START Given data
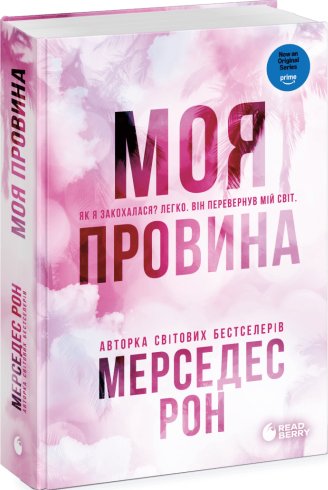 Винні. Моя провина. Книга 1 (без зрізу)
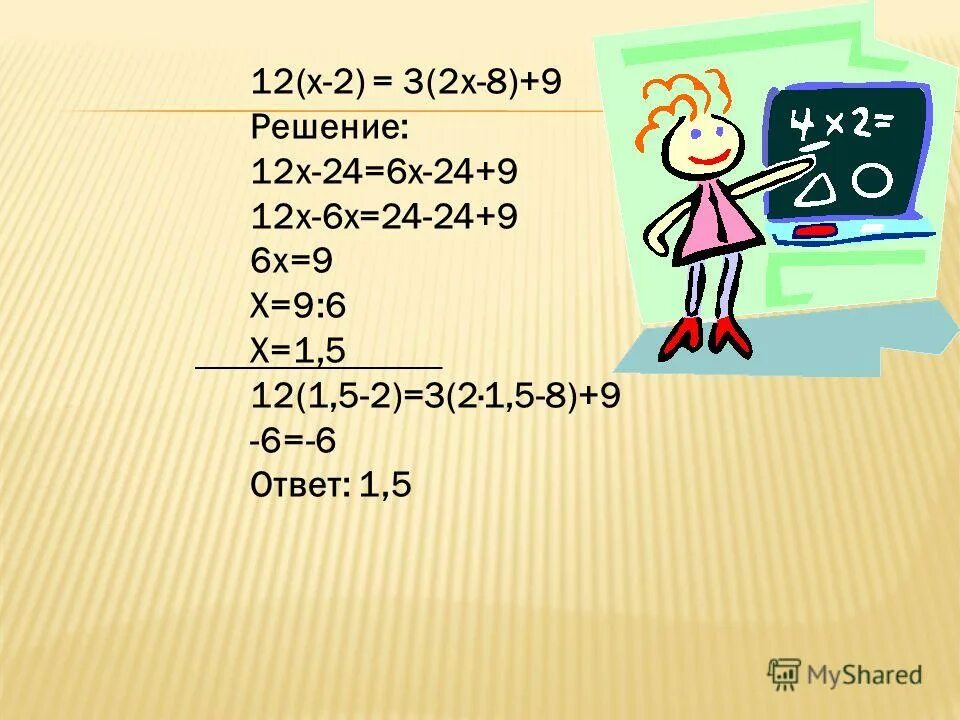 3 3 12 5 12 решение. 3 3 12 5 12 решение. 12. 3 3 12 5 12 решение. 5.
END Given data
START Given data
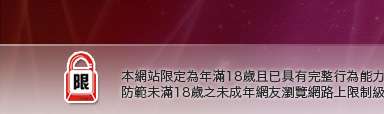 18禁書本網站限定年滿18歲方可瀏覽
END Given data
START Given data
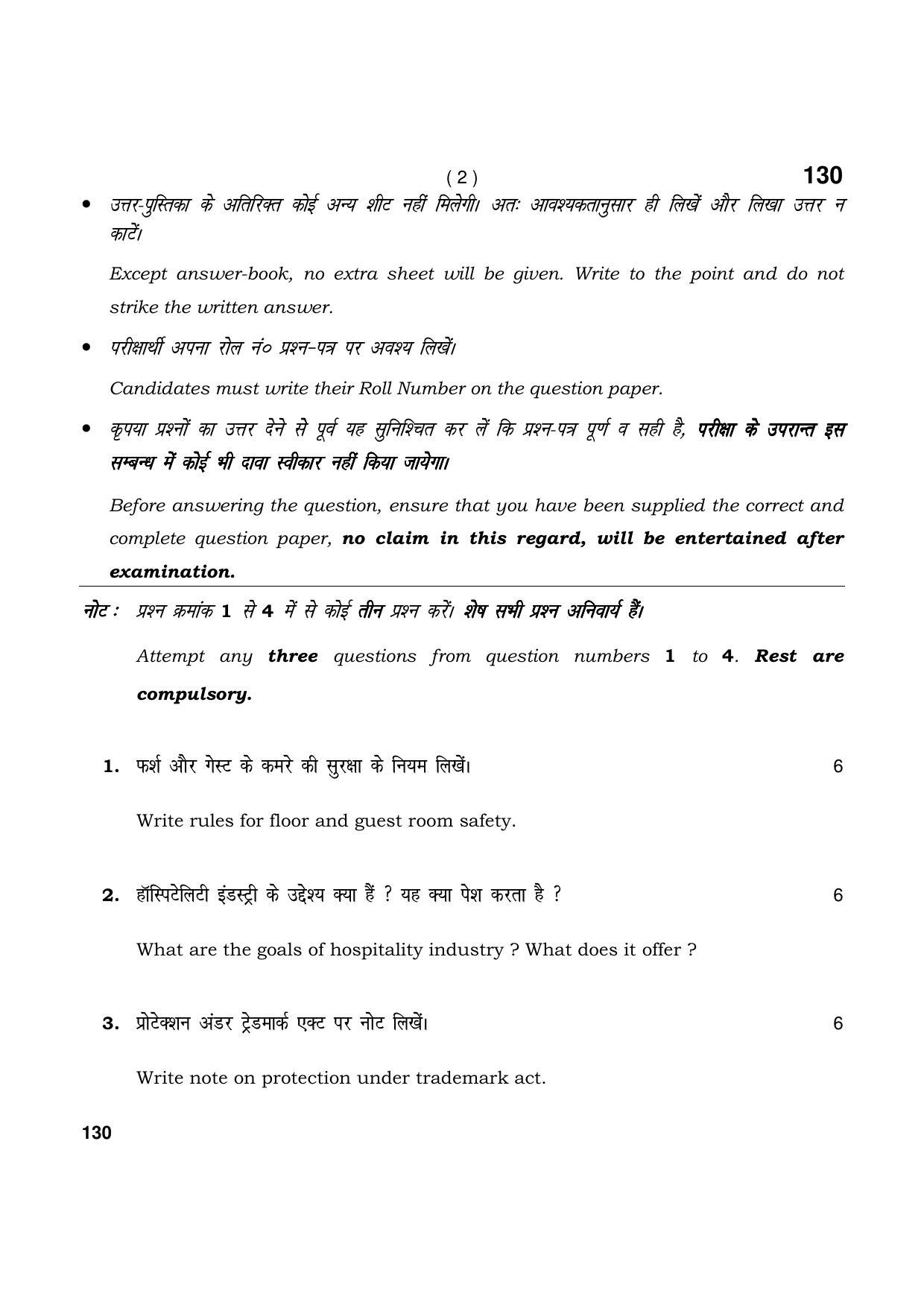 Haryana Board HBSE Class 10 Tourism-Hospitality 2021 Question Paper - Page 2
END Given data
> What you need to do
In the entries above, every line from the line with "Винні. Моя провина. Книга 1 (без зрізу)" to the line with "3 3 12 5 12 решение. 3" is to be printed exactly, with both ends included and pictures excluded.

> Result
 Винні. Моя провина. Книга 1 (без зрізу)
 3 3 12 5 12 решение. 3 3 12 5 12 решение. 12. 3 3 12 5 12 решение. 5.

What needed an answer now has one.